Non, je ne vais pas vous parler de mes odeurs corporelles que je pense peu nauséabondes. 

PLP est un sigle qui désigne les « pue-la-pisse », employé par les gendarmes qui ont protégé la méga-bassine de Sainte-Soline. C’est à dire en l’occurrence les militants écolos, mais aussi les gilets jaunes, les manifestants contre la réforme des retraites, bref ce qu’on nommait autrefois la populace, aujourd’hui la racaille. 

Déshumaniser le peuple – les sans-dents ou les sans Rolex, selon où l’on place le curseur de la pauvreté – est un des stades ultimes avant le massacre de masse. Un prélude indispensable à  l’« extermination des nuisibles ». Les rats, disaient les Nazis pour désigner les juifs et des tziganes, les cafards, disaient les Hutus de leurs compatriotes Tutsies, les « restes de l’épée » disaient les Turcs des Arméniens échappés au génocide de 1915. « Nous combattons des animaux humains » a déclaré Yoav Gallant, ministre israélien de la défense, condamné en 2024 pour crimes de guerre et crime contre l’humanité. 

Kiffer la mort

Les actes commis à Sainte-Soline n’ont rien de génocidaire, mais les vidéos dévoilées par Libération et Médiapart nous font entendre des propos inacceptables. Les gendarmes parlent de leur plaisir à « shooter » les PLP, à leur « défoncer la tête », à tirer sur leurs enfants, à atteindre directement les corps avec les capsules des lacrymogènes. À faire des dégâts dans les chairs de leurs concitoyens. Ils regrettent de ne pas pouvoir tirer à balle réelle, visent des manifestants pacifiques qui se replient. Leurs officiers ordonnent d’effectuer des tirs tendus, interdits, ils s’exécutent avec excitation, éprouvant « le plus gros kif de [leur] vie ». C’est qu’ils tirent sur des manifestants qui défendent l’intérêt du vivant contre l’agroalimentaire, des pue-la-pisse.

Il est des étapes qui nous éloignent dangereusement de l’État de droit. Quand Trump se vote une amnistie pour lui-même, gracie les émeutiers meurtriers du Capitole (5 morts, dont 1 policier), destitue les juges qui les ont condamnés, il met à mal la démocratie américaine. Mais quand nos forces de l’ordre violentent le peuple qu’ils sont censés protéger, le danger est tout aussi grand. L’uniforme est aujourd’hui, à nouveau, ressenti comme une menace. 

Car la mémoire d’une police qui tirait à balle létale sur des Français n’est pas si loin. 1974 pour les Martiniquais, 1967 pour les Guadeloupéens, 17 octobre 1961 sur le Pont de Neuilly, en jusqu’en 1962, régulièrement, en Algérie Française. En métropole, les juifs, les résistants, les gaullistes, les communistes ont été arrêtés, torturés, exécutés par la police française aux ordres de la Gestapo. C’est cette mémoire qui a limité, en mai 68, le recours policier à la violence, et interdit l’usage des armes létales contre des manifestants, fussent-ils agressifs, et l’usage de la force sans sommation et sans légitime défense. 
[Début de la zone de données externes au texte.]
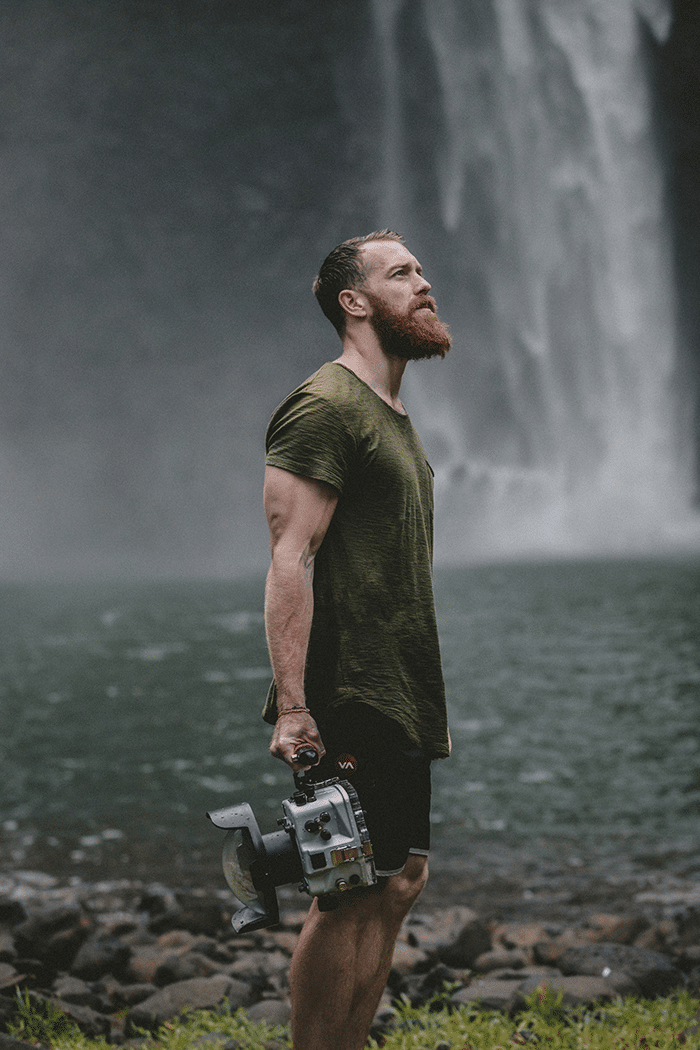 Man carrying camera next to waterfall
Or on ne compte plus aujourd’hui les abus des « forces de l’ordre » qui dérogent aux ordres, tuant Zineb Redouane à son balcon, Mohamed Bendris sur son scooter, jetant à terre des manifestantes isolées, faisant des descentes musclées dans les bars LGBT, contrôlant, insultant, humiliant au faciès, régulièrement, et impunément.

Maintien de la domination

Les habitants des quartiers populaires sont les premiers à réclamer la présence accrue d’une police qui les protège. Les femmes et les enfants victimes de violences, les otages, les harcelés, les affaiblis, ont besoin d’une protection d’État, afin que la loi du plus fort ne soit pas le droit. Réclamer davantage de sécurité, sinon d’ordre, est dans l’intérêt du peuple.

Mais parmi les victimes anciennes des violences policières, parmi leurs descendant·es, certain·es ont conservé la peur latente d’un uniforme qui ne maintient pas l’ordre, mais la domination. Ces PLP connaissent le cœur qui s’emballe quand iels tendent leurs papiers, la sueur qui goûte quand des rangs de militaires patrouillent, le malaise quand les programmes politiques réclament « plus de bleu partout », la colère quand ils affichent un « soutien inconditionnel à la police ». Rien, justement, ne devrait être moins inconditionnel que de confier sa vie à un tiers armé.